О том, как развивались события, мы можем судить по челобитной
красноярских служилых людей на имя царя Алексея Михайловича и по словам
самого Сенге. Красноярские челобитчики писали: «И в нынешнем, государи,
во 175 (1665) г. пришли калмыцкие многие воинские люди Сенга-тайша на
Киргискую землю для мугальсково Алтынова сына Лоджана-сайн-контайши. И
они, колмацкие люди... Лоджана развоевали. И прислал калмацкой Сенга-тайша
в Красноярской острог посланцов своих к воеводе... и говорили они о киргиских
и о тубинских людях, чтоб их отпустить на свои урочища и из аманатов и
ясак бы де с себя... Сенге-тайше попрежнему дали... что де преж Красноярсково
острогу с качинцов и с аринцов отцу ево, Батуру-контайше, давали.

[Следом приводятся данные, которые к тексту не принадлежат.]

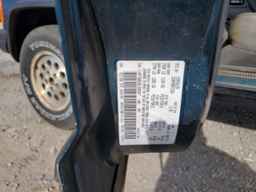 1995 JEEP Cher Se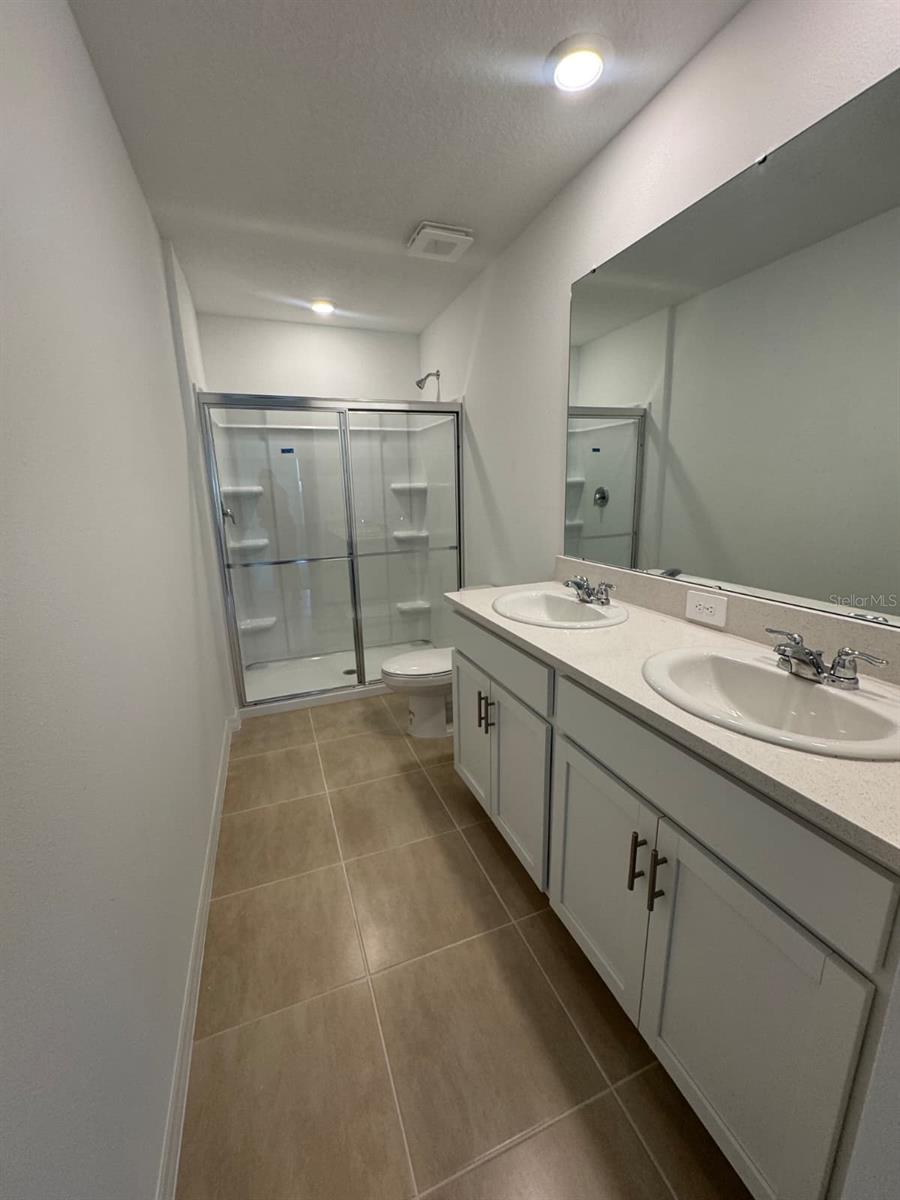 Image 3 of 19 For 13215 Forge Avenue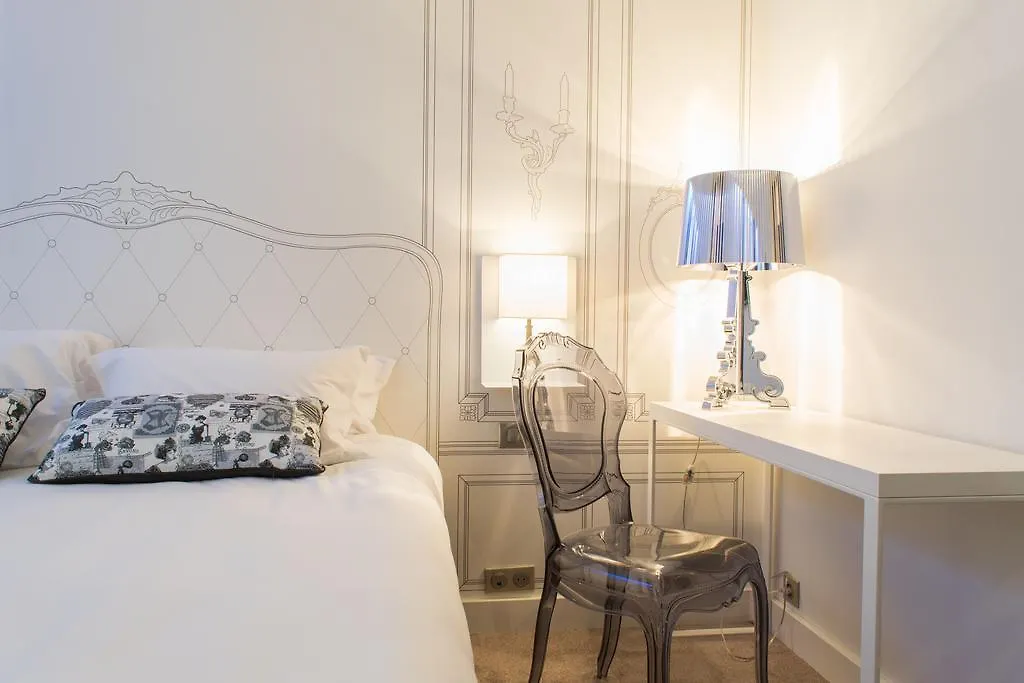 Hotell Vaugirard 3*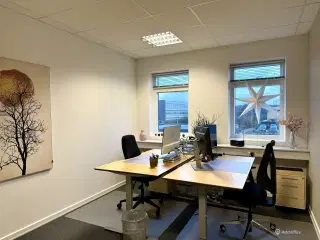 100-300 m2 kontor i flot ejendom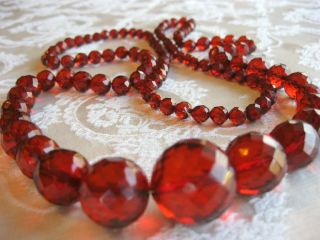 BEST BAKELITE CHERRY RED AMBER FACETED GRADUATED 113 BEAD NECKLACE 39 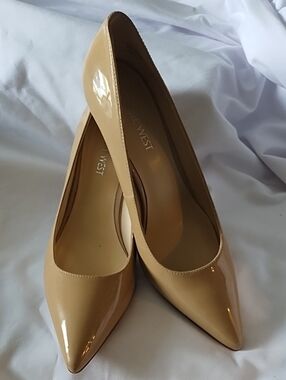 Nine West Beige Patent Pointed-Toe Pumps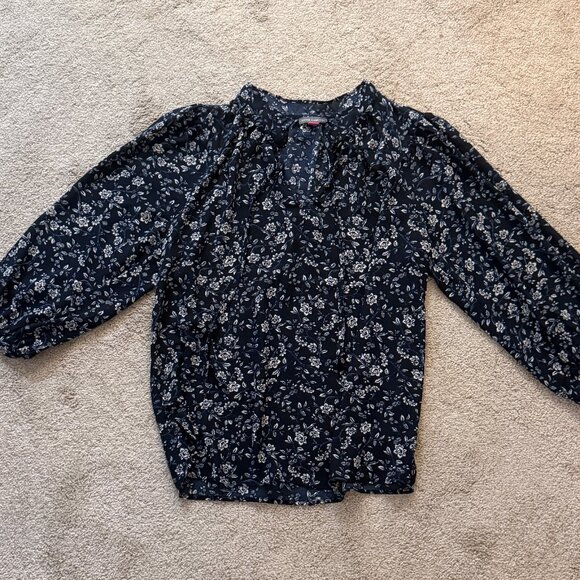 Vince Camuto Navy & White Floral Boho Blouse – Size Medium - Picture 2 of 6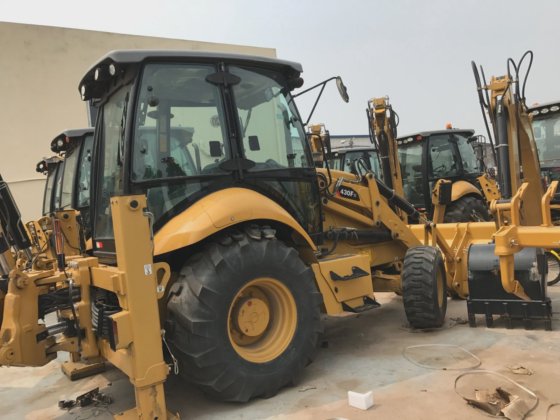 三菱 CAT430F2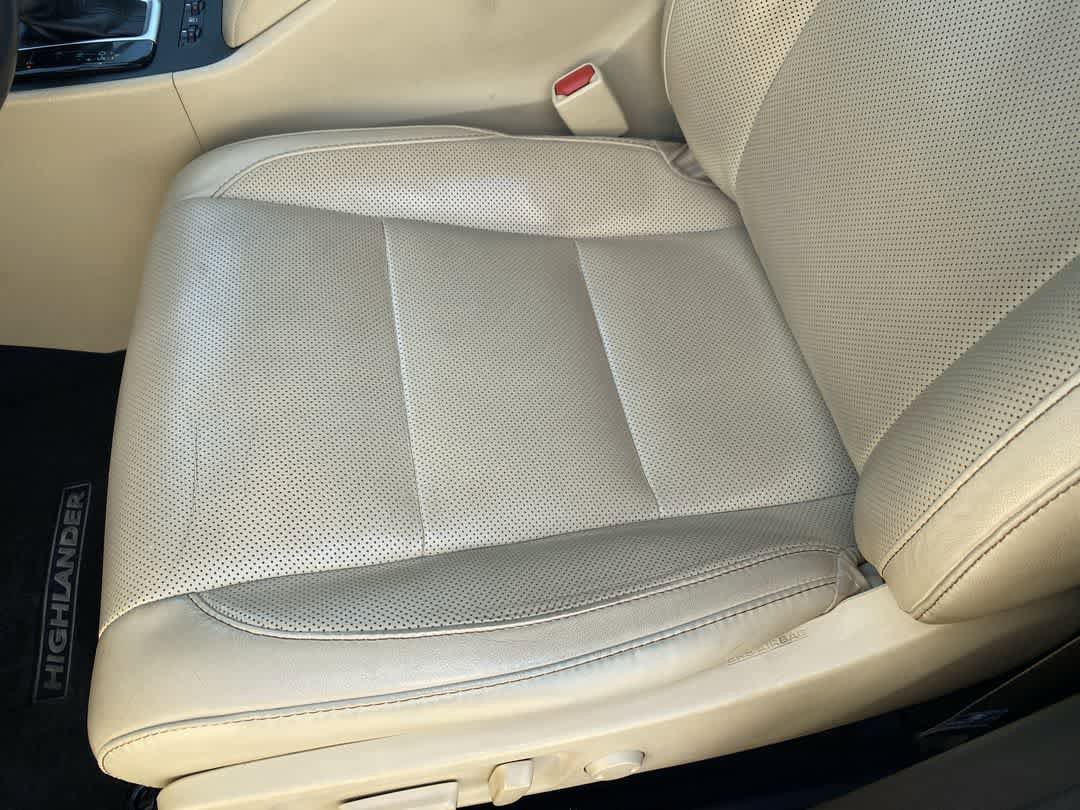 Used 2018 Toyota Highlander Limited FWD image 11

И воевода
Алексей Сумароков в том им во всем отказал... Да они ж, калмацкие посланцы,
говорили,— не отпустишь де киргиз и тубинцов на свои урочища, и калмацкой
де Сенга-тайша, конечно, пошлет под Красноярской острог калмацких и киргиских
многих воинских людей войною». И действительно, в мае 1667 г. войска Сенге
осадили Красноярск, а его окрестности опустошили. Осаждающие кричали осажденным:
«Отдайте де нам всех киргиских людей и из аманатов выпустите, и мы де
воевать не станем, а буде не отдадите киргиз и из аманатов не отпустите,
и мы де от Красноярского острогу, не взяв, не отойдем».